Friendliness is always clear, but what seems like hostility may not be. If someone frowns or ignores you it could just be that they are lost in thought, preoccupied, or pissed off about something else. And of course if you don’t speak the language – the language – you can easily be lost, misunderstood, misunderstanding. I’m trying to excuse the man in Velo Polje. When I was coming back, was it the same one? I stopped for a minute near the farm buildings, just to look around me, and a guy appeared by the house and shouted at me, or to me, I’m not sure which. He appeared to be angry. He was gesticulating, pointing and waving towards the way I was going, as if urging me to be on my way.
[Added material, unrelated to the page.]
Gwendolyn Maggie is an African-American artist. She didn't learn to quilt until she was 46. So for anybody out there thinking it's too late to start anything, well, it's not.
I shouted back ‘ne razumem!’, a useful thing to be able to say in any language, or maybe not because it’s only stating the obvious: I don’t understand. And he just went on shouting and waving. I’m aware though that even the use of the word shout could be misleading here because it suggests anger, but on the other hand he had to shout because he was about thirty or forty yards away from me. And the waving or gesticulating could have meant he was telling me to get lost or he could have been pointing out the way back towards the refuge because at that point the path wasn’t clear. And he was too far away for me to be able to see the expression on his face, too far away even for me to tell whether he was the man I’d seen earlier who had looked right through me. If only something had happened to resolve this. If I had asked Viktorija, the sympathetic woman who ran the refuge, with whom I could speak with a little English and a little German, she might have said, yes they’re not very friendly there! They think people are going to upset their cattle, or they’re just unhappy, suspicious people, or, most likely, I don’t understand, I know them quite well, sometimes they come up for a beer, they’re ok. If this were journalism, there would be a resolution. If this were a traditional story, I think there would also be a resolution. It must be just some annoyingly lifelike modernist rubbish. A man perversely reduced to noisy, incomprehensible gesticulations.
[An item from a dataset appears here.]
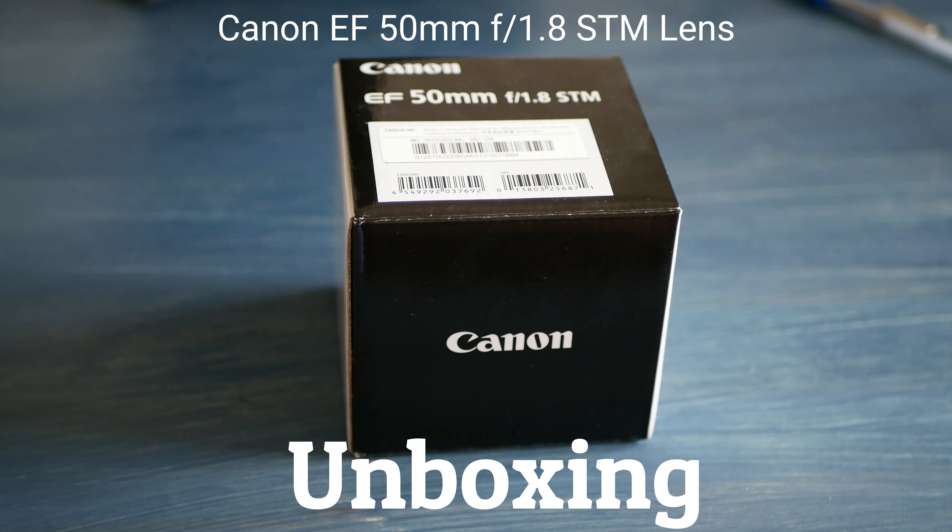Today we're doing a simple unboxing video for the infamous nifty 50 — the 50 millimeter Canon EF lens. I'll do a review later and show you some of its capabilities in a practical video. This channel is for people who want to make YouTube videos and how the nifty 50 can be useful for that. Currently you're watching me on a nifty 50 lens — it creates a nice bokeh in the background and a really sharp image. But today's video is dedicated to unboxing and seeing what you get in the box.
When I arrived back from climbing Tosc after sunset the day before she had been starting to worry about me and exclaimed ‘Gott sei dank!’, which I heard not as a mundane, ‘thank God!’ But more like, ‘The Lord be praised!’ and was delighted and grateful. And I was pleased with the idea of being included in a scene from the past, (a bit player in an old play, even one with a non-speaking role), from the time before my own language became cool and universal, as if we were once again in a province of the Austro-Hungarian Empire, recently fallen to the embrace of nostalgia, because to my ears Gott sei dank! belonged to an older German and could not be confused with its successor as the international language of central Europe, Nazi German. Most of all though, it was nice to hear that I had been missed, that she had been worried and was thinking of phoning up to report me missing. Although I assumed I was too late to eat – the notice on the kitchen door said that they served food till 8 and it was well after 9 – she said no, of course you’re not too late! And presently brought me a huge bowl of spaghetti bolognese.
The other day S and I just missed the bus, and the driver saw us limping along as best we could and he stopped between stops for us!